He was a programmer. Tall, soft-spoken, kept to himself. He frightened me a little. Especially when I had to pester him about looming deadlines.
And then I sat next to him for a year. We talked about our mutual California backgrounds, our kids, trips to Mexico, my cruise, his sailing and diving. We complained about work and made fun of co-workers. He went on a weight-loss plan with another co-worker. Every Friday they got out a scale and weighed themselves at his desk. He won most of the weeks' weigh-ins and he won overall. On our company river float I saw this guy on his paddle board. Tall, toned, muscular arms. Tan. Oh crap! That's my co-worker! Highly inappropriate. But, oh my.... He got bashful when I flirted with him.
I found out two weeks ago that he was in hospice. I was in complete disbelief. What? Who? What the hell are you talking about? He got sick soon after I was laid off, she said. She'd seen him, she said, and he was okay. He had accepted it. I did my bucket list, he told her. I heard the word "hospice" but it didn't register. It couldn't. I pictured him tall and tan on his paddle board. Is he going to be okay? No. That's what hospice means. He's dying.
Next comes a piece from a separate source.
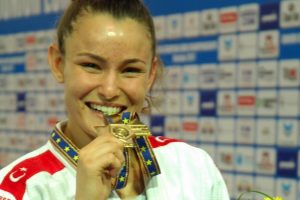 İrem Korkmaz Avrupa şampiyonu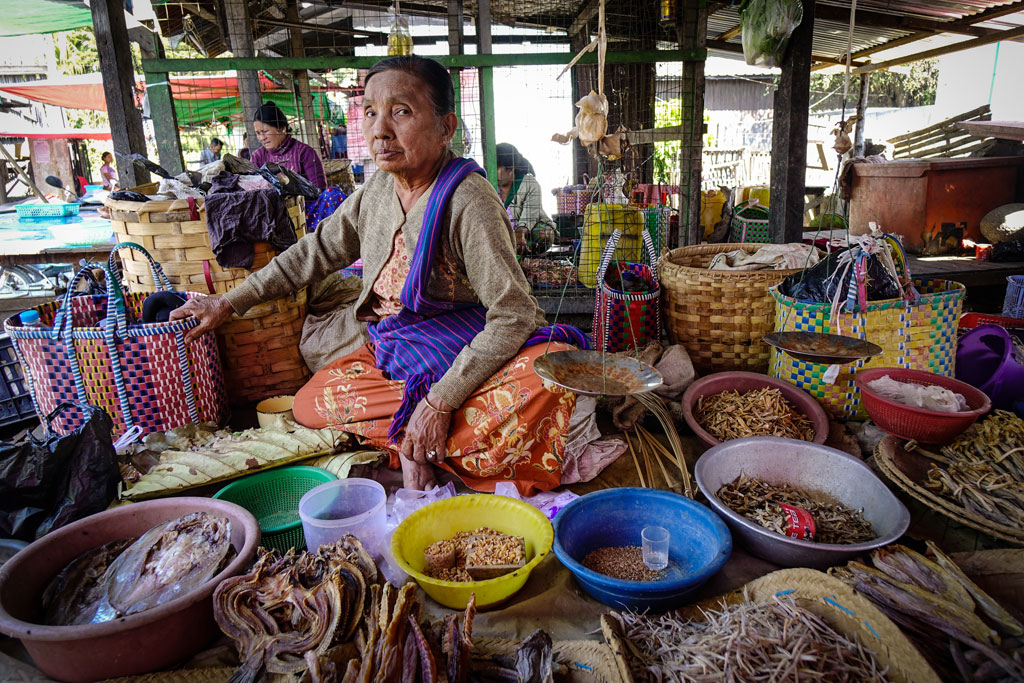 Đi chợ ở Myanmar1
I cried when I got home. I don't know why. We weren't that close, merely co-workers for a while. But he was a really great guy. And he was too young. 51 is not the time to die. Maybe it was the bucket list and being reminded to Live Life and Be Less Afraid.
His funeral was today. People said things like Quiet Dignity. Protective. Competitive. "Evil" Steve. I didn't know him that well, but as they talked I thought, yeah. That's him. His daughter spoke about how he lived life to the fullest and how she will take advantage of every opportunity because of him. It was harder than I thought it would be, but I'm glad I was there.
To Steve's family, I'm sorry. And that is a gross understatement. There aren't enough words or flowers or casseroles to fill the void that he has left. Just know that he has touched countless lives and that his spirit will live on through each of these encounters.
To Steve, thank you for allowing me to be a small part of your life for a little while. You will not be forgotten.